• DIRECTIONS FOR THIS TASK: Write out exactly the lines between the line containing "Nota 10 cassa" and the end of the records, counting both ends, and leave out all pictures.

######

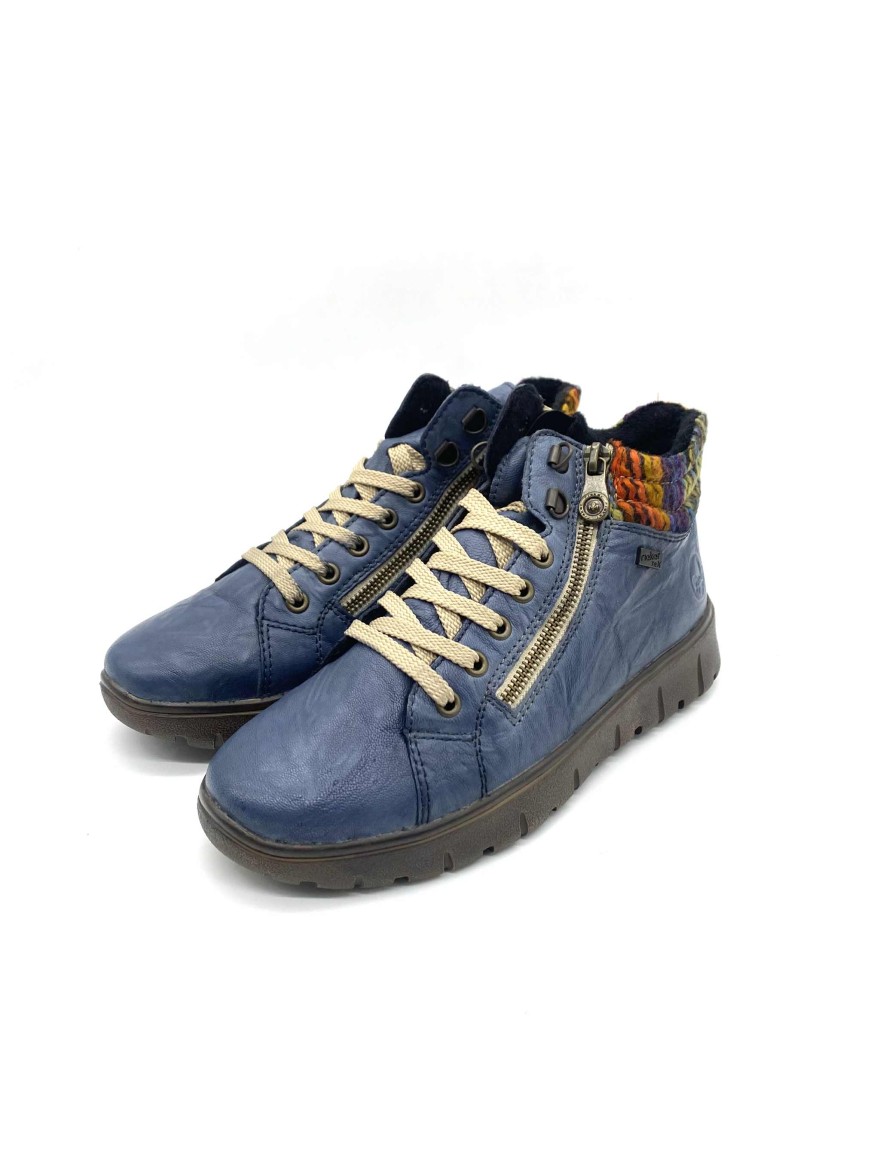 Basket Montante Rieker N1305-14 Femme | Confort, Chaleur et Style Hivernal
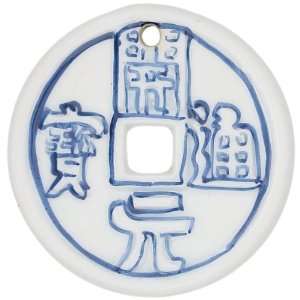  Blue Moon Orient Express Stone Pendant, 1/Pkg, Round/Coin 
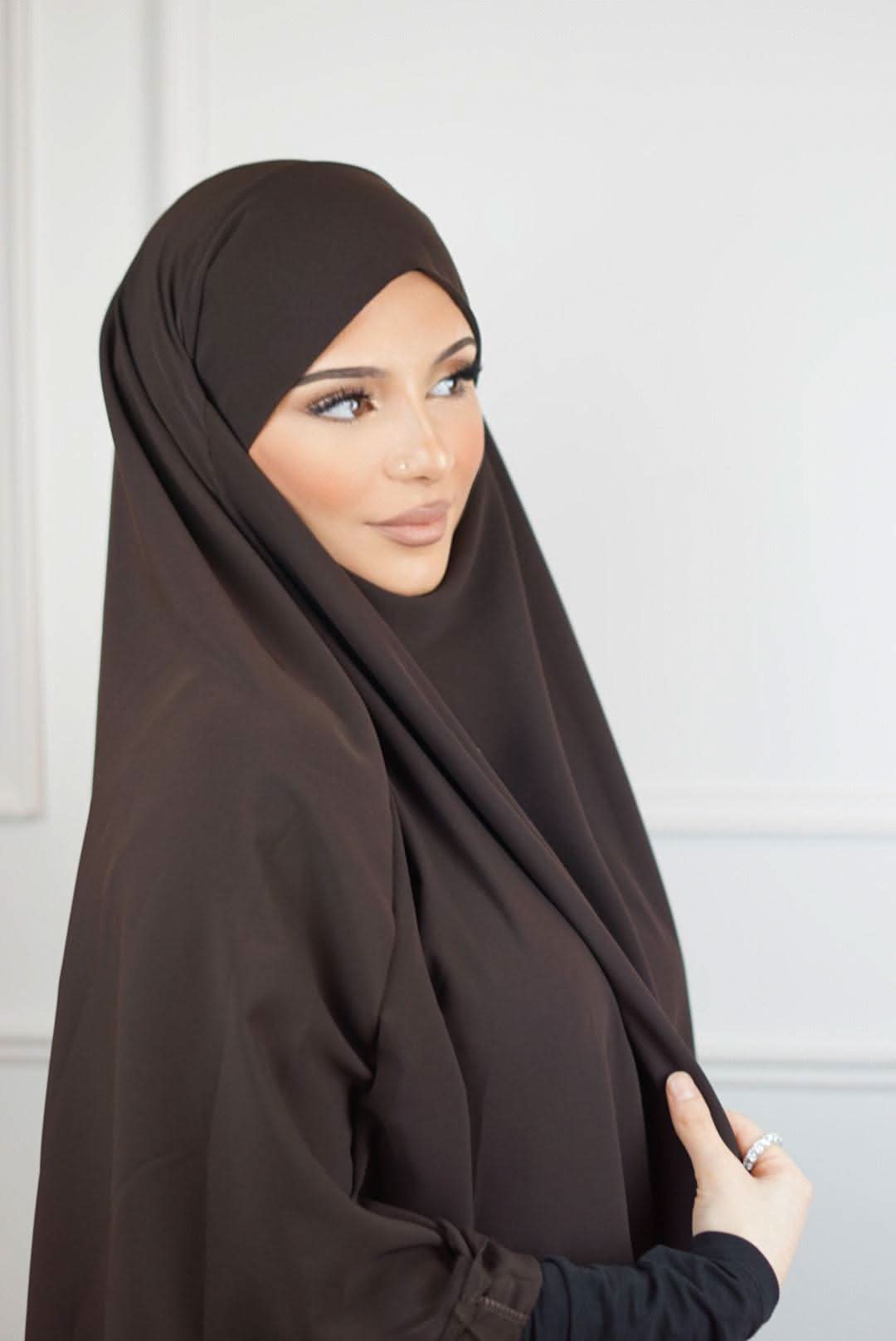 Khimar Medina Seide - Brown Sugar - Losyana.Shop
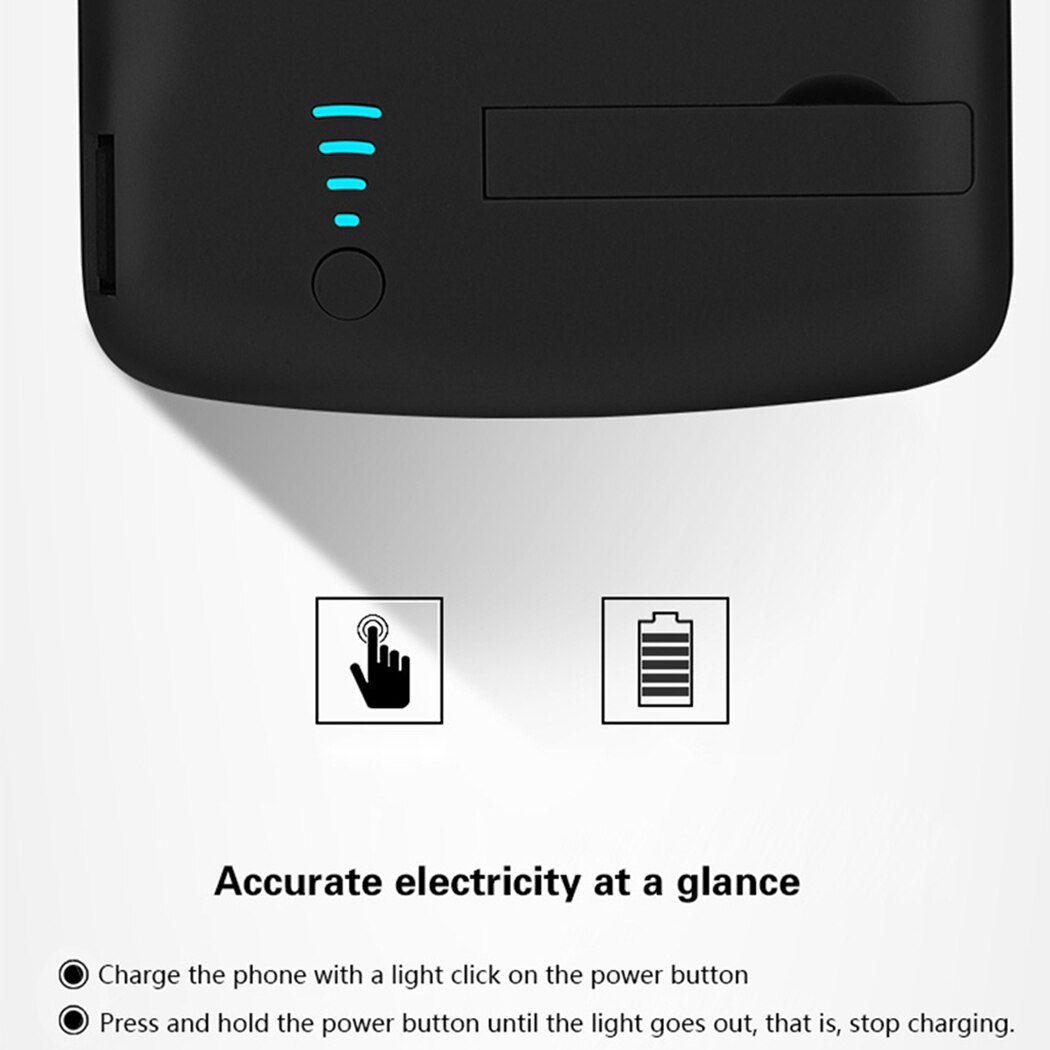 Nota 10 cassa di Batteria Per Samsung Galaxy Note 10 Più La Batteria di Caso Del Caricabatteria Ricaricabile USB Esteso Protezione Della Copertura Della Staffa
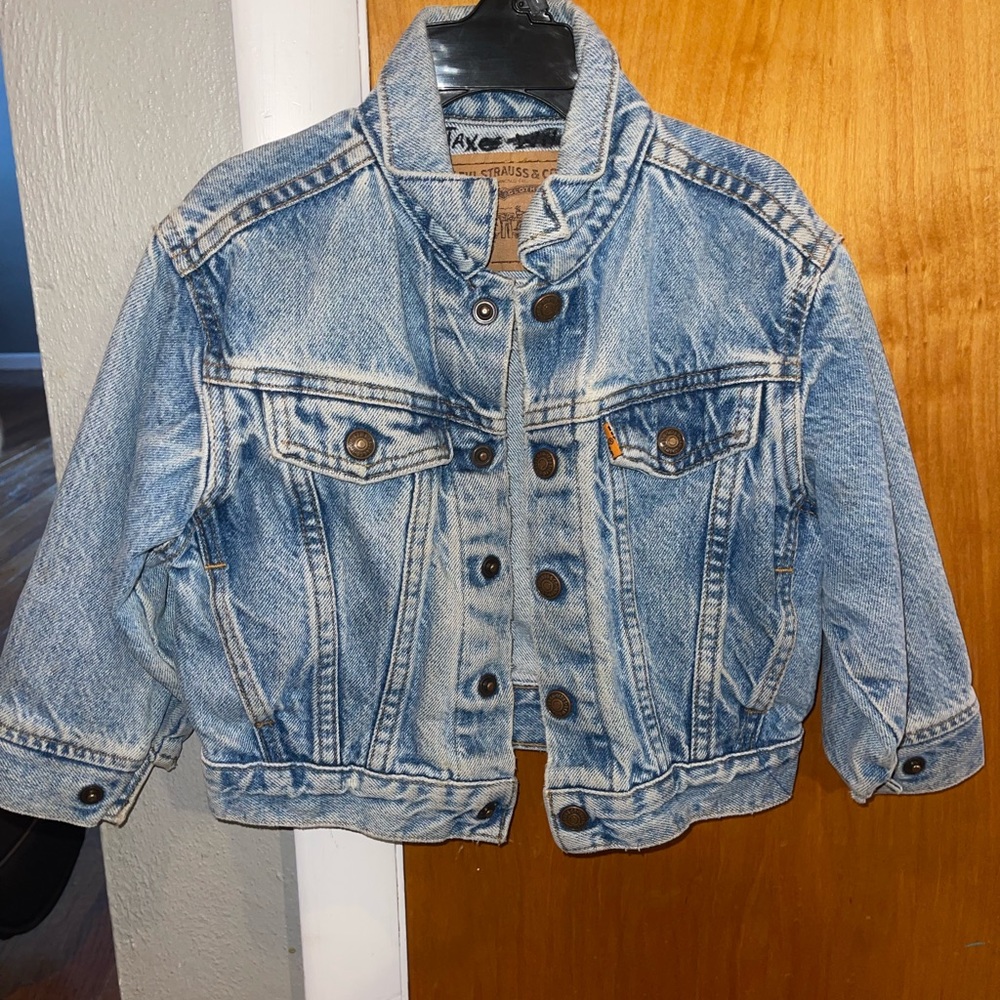 Kids vintage Levi jacket 3T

######

• EXERCISE OUTPUT:
 Nota 10 cassa di Batteria Per Samsung Galaxy Note 10 Più La Batteria di Caso Del Caricabatteria Ricaricabile USB Esteso Protezione Della Copertura Della Staffa
 Kids vintage Levi jacket 3T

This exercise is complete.